In this case, due to the very unusual situation, the Court was asked to decide on two issues:-
- How the Liquidator should deal with a significant amount of unclaimed monies by unsecured Creditors; and
- Whether the court should approve additional remuneration sought by the Liquidator due to the complexity of the liquidations.
In the first issue, the Court agreed with advice from Counsel that the appropriate course of action was the Liquidator to pay the Funds to ASIC pursuant to Section 544 (1) of the Corporations Act.

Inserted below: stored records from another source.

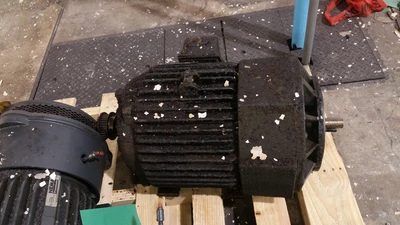 Lincoln 5HP; 1175RPM; 460V; Frame: 256U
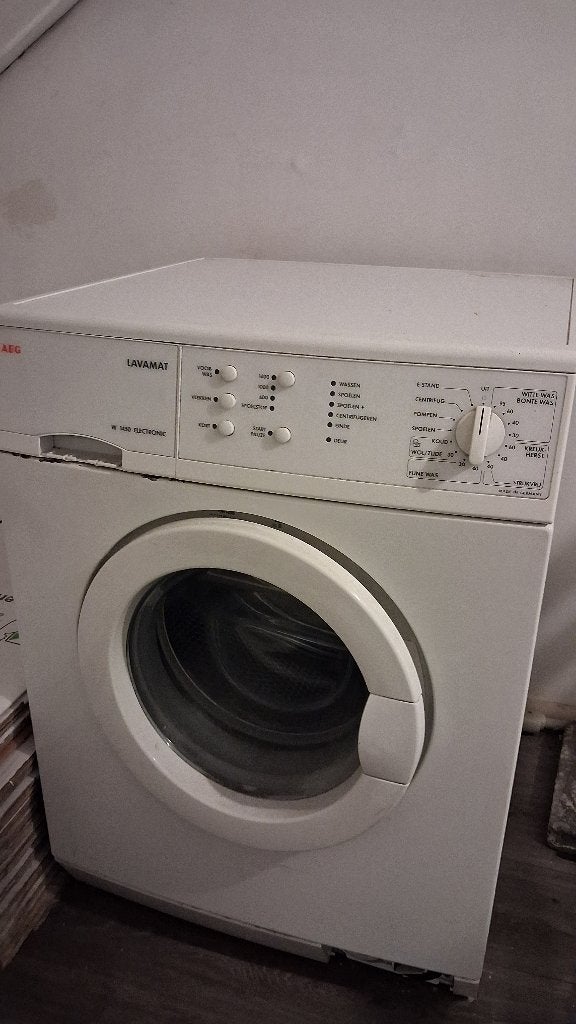 AEG Lavamat wasmachine, Witgoed en Apparatuur, Ophalen, 1200 tot 1600 toeren, Gebruikt, 8 tot 10 kg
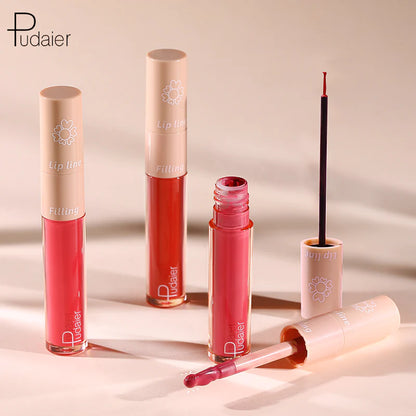 PUDAIER COSMETICS Lip Liner & Matte Liquid Lipstick Duo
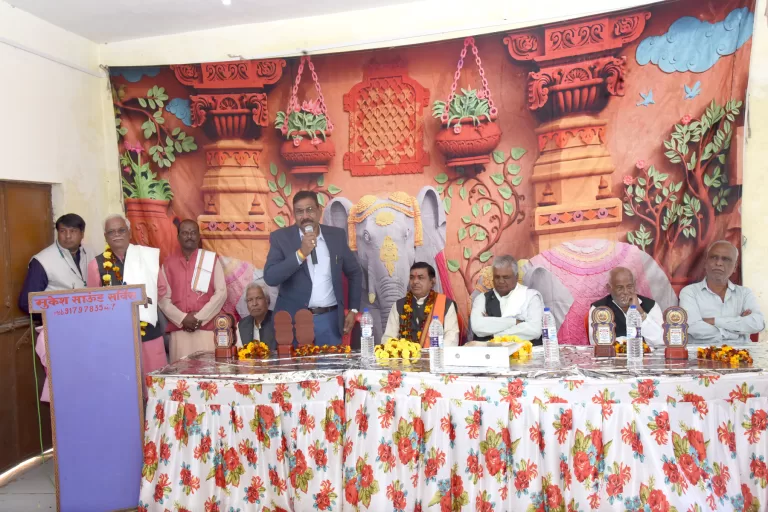 कोष्टि समाज सागर का सामाजिक गौरव सम्मान समारोह संपन्न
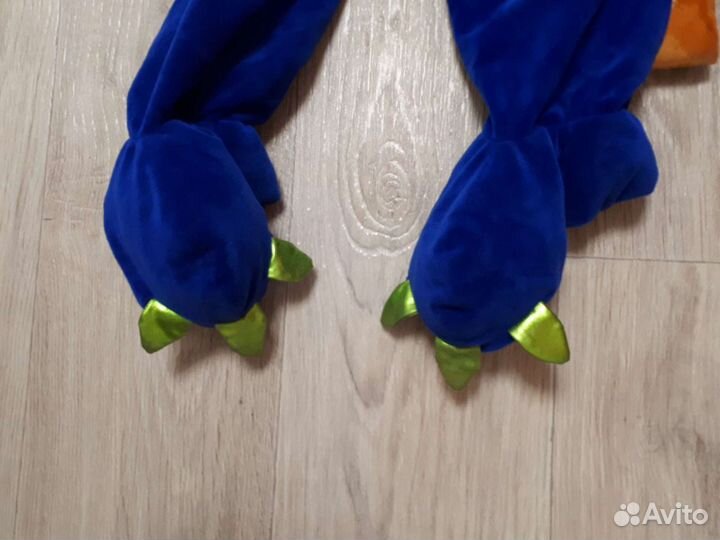 Новогодний Костюм дракона до 100см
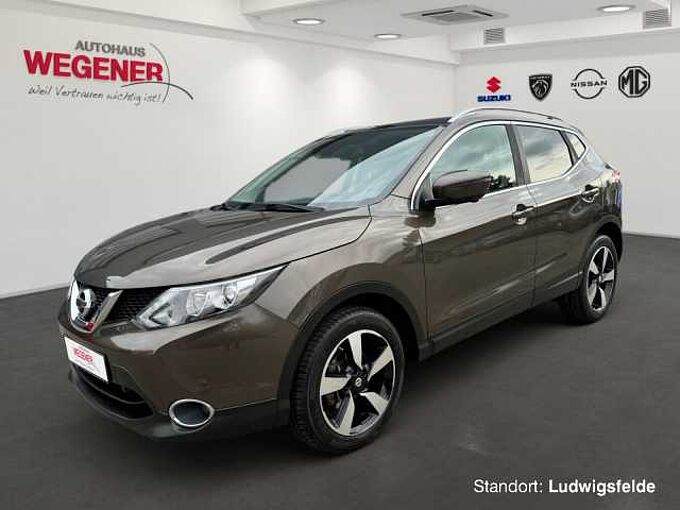 Nissan Qashqai 360 1.2 DIG-T Glasdach EURO6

In considering the second issue of the approval of Liquidator’s additional remuneration, the Court identified the following four problems:-
- In a Members Voluntary Winding Up, did the Court have powers to increase the Liquidator’s remuneration? ;
- What is the significance of the fact that the remuneration was approved when the Liquidator was appointed, likely with his consent? ;
- Is the request for the additional Liquidator’s remuneration reasonable?; and
- Should the Court approve one company to pay the whole of the Liquidator’s remuneration?
In dealing with the first problem, the Court noted the One Tel Limited decision, which confirmed that the Court had broad powers pursuant to Section 511 to determine any question arising in the winding up of a company including remuneration;
In respect of the second problem, the Court noted that it had specific power under Section 504 of the Corporations Act to review the Liquidator’s remuneration even though the Liquidator had previously agreed with the shareholders on a fixed amount;
In considering the third problem, the Court, with the assistance of the Registrar’s report, certified that the Liquidator’s sought remuneration was reasonable;
In addressing the final problem, it was noted that the Liquidator’s work for the ten companies overlapped and since the shareholders did not object, the Court established that the saving of costs benefited the shareholders generally, and subsequently an order that the additional Liquidator’s remuneration be paid out of only one company’s assets, bearing the costs of all companies in the group.
Overall, this case concludes that Section 511 of the Corporations Act is a useful mechanism for Liquidators to approach the Court to determine any question arising in a winding up of a company in unusual circumstances.